Tous les matins du monde : du livre au film

Roman de Pascal Quignard

Film d’Alain Corneau

Le long-métrage a connu un énorme succès : plus de 2 millions de spectateurs dans les salles en France, 7 César (meilleurs film, réalisateur, actrice dans un second rôle pour Anne Brochet, musique, photographie, costumes, son) et le prix Louis-Delluc.

1. La place de la musique

La musique est évidemment le point de départ de cette histoire. Il est important de présenter plusieurs choses avant de s’attaquer sur ce point. Tout d’abord, M. de Ste-Colombe et Marin Marais ont réellement existé et étaient dans la vraie vie deux violistes du XVIIe siècle. Dans le long-métrage, c’est Jordi Savall qui a composé les morceaux et qui en a dirigé, comme « La Marche pour la cérémonie des trucs » de Jean-Baptiste Lully, ou tout simplement, les compositions des vrais Marais et Ste-Colombe.

M. de Sainte-Colombe (Jean-Pierre Marielle) est un joueur de viole. Il enseigne sa passion à ses deux filles, Madeleine (Anne Brochet) et Toinette (Carole Richert), mais aussi à un certain Marin Marais (incarné par Depardieu père et fils), personnage qui va bouleverser l’existence de cette famille brisée.

La musique est le moyen pour M. de Ste-Colombe de faire son deuil. En effet, dès le début, on sait que M. de Ste-Colombe est veuf. Le fait de porter tout le long de l’œuvre du noir reste un signe de ce deuil. En se concentrant sur sa musique, il rend hommage à son épouse décédée en lui composant une chanson (« Le Tombeau des Regrets »). Il croit d’ailleurs voir à plusieurs reprises le fantôme de Mme de Ste-Colombe. Leur « rencontre » puis la dernière disparition spirituelle de sa femme peut rappeler le mythe d’Orphée.
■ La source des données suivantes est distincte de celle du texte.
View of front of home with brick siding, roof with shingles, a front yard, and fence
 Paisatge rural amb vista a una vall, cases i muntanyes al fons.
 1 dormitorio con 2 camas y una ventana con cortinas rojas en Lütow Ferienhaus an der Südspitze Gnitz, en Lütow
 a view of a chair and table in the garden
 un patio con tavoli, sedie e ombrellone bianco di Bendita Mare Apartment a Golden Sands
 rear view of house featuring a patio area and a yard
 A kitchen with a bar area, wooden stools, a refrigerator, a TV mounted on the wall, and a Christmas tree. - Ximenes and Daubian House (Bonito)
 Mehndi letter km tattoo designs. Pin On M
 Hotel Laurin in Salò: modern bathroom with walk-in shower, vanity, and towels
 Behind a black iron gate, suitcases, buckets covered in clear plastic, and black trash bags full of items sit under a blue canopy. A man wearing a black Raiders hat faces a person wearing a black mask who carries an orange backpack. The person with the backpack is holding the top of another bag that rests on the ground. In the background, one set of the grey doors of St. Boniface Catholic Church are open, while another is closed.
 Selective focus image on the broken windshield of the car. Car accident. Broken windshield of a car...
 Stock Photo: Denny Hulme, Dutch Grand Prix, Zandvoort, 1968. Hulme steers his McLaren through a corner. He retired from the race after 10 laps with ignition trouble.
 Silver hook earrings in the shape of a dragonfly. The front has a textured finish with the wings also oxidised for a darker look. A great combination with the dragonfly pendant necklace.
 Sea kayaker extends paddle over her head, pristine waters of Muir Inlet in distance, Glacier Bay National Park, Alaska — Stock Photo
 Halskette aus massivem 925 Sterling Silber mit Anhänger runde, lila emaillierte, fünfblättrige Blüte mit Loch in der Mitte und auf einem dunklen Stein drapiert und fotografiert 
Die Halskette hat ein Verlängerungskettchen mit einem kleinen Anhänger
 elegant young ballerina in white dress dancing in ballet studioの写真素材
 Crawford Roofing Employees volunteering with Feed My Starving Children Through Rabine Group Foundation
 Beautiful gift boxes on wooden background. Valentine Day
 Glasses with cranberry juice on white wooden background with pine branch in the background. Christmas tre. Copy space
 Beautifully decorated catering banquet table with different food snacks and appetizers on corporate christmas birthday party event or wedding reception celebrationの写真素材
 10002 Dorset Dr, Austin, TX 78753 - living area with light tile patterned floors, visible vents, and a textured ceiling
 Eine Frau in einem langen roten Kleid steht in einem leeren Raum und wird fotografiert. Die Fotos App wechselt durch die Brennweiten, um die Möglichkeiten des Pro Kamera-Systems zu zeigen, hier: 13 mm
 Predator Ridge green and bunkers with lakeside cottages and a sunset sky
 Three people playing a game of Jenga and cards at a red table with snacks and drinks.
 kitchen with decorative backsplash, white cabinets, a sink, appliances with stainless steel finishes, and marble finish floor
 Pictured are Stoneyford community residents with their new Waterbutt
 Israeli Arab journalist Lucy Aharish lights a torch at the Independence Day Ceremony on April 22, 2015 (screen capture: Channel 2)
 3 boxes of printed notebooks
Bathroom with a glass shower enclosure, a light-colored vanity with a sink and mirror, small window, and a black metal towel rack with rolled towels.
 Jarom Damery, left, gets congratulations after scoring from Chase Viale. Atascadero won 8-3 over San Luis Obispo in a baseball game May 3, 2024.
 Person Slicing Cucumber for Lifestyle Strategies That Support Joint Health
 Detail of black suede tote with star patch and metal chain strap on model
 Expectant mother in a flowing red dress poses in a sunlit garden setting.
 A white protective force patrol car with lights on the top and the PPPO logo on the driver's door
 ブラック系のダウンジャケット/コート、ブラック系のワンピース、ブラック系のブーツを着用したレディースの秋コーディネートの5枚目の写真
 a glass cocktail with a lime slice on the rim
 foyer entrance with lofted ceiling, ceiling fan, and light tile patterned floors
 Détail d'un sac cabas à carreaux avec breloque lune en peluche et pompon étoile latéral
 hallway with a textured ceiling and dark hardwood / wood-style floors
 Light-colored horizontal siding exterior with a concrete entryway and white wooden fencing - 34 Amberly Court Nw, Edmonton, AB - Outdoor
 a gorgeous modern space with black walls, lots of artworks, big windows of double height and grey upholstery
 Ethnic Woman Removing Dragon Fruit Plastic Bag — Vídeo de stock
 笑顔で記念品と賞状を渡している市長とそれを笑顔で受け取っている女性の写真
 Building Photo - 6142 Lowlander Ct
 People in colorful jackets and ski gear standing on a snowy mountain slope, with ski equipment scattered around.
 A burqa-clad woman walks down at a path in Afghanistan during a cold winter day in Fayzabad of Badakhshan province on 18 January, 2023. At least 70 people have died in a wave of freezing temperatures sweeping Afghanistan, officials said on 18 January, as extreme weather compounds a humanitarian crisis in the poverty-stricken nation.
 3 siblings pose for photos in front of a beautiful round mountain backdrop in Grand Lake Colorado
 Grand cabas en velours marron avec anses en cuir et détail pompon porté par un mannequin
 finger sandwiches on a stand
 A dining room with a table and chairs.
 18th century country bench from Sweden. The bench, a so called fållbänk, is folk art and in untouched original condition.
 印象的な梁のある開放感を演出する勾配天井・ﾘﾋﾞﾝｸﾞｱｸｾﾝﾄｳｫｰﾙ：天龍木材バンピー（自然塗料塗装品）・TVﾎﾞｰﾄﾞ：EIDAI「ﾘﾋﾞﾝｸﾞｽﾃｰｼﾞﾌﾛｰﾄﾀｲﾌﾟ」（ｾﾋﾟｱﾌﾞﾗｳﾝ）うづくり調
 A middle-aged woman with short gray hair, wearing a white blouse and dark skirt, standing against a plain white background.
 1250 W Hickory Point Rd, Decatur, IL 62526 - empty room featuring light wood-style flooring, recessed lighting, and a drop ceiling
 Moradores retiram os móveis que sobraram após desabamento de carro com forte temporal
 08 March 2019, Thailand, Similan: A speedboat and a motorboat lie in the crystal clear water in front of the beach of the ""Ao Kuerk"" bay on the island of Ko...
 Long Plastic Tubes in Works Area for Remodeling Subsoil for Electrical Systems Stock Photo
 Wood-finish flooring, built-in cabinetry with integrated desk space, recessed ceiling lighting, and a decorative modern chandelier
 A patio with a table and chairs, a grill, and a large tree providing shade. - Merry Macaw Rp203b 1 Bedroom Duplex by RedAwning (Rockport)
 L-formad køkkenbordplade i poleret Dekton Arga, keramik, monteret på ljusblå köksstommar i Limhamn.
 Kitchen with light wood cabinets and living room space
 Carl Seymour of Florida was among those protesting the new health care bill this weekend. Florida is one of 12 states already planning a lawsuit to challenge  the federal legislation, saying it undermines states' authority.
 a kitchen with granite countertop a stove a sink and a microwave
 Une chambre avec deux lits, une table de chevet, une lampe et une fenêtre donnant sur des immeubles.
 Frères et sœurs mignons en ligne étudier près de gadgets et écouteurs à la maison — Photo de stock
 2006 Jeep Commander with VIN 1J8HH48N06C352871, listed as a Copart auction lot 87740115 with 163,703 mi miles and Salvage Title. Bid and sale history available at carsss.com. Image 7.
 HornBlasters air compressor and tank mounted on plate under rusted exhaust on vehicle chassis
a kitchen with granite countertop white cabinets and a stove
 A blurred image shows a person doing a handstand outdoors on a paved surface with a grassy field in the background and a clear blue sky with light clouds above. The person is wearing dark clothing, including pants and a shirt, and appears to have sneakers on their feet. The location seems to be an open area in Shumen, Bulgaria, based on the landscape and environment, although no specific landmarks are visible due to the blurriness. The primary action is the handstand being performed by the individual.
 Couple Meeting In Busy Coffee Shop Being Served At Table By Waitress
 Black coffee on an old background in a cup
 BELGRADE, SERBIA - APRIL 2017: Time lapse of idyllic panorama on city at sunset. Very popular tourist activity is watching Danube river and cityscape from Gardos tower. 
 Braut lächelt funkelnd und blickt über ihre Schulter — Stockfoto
M. de Ste-Colombe joue de la viole, tandis qu’Orphée se sert de sa lyre. Dans ce mythe, petit rappel : lors de leur mariage, un serpent mordit Eurydice. La dryade mourut et descendit au royaume des Enfers. Après avoir endormi grâce à sa musique le Cerbère, le chien à trois têtes qui garde l’entrée, Orphée approcha Hadès. Orphée réussit à récupérer Eurydice à condition qu’elle le suive et qu’il ne se retourne pas tant qu’ils ne seraient pas sur terre. Mais Orphée se retourne et Eurydice mourut à jamais. Dans « Tous les matins du monde », après avoir vu le fantôme de son épouse décédée, M. de Ste-Colombe se retourne, comme Orphée, et ne vit plus jamais son esprit. Enfin, M. de Ste-Colombe peut autant se concentrer sur sa musique grâce à sa religion : le jansénisme.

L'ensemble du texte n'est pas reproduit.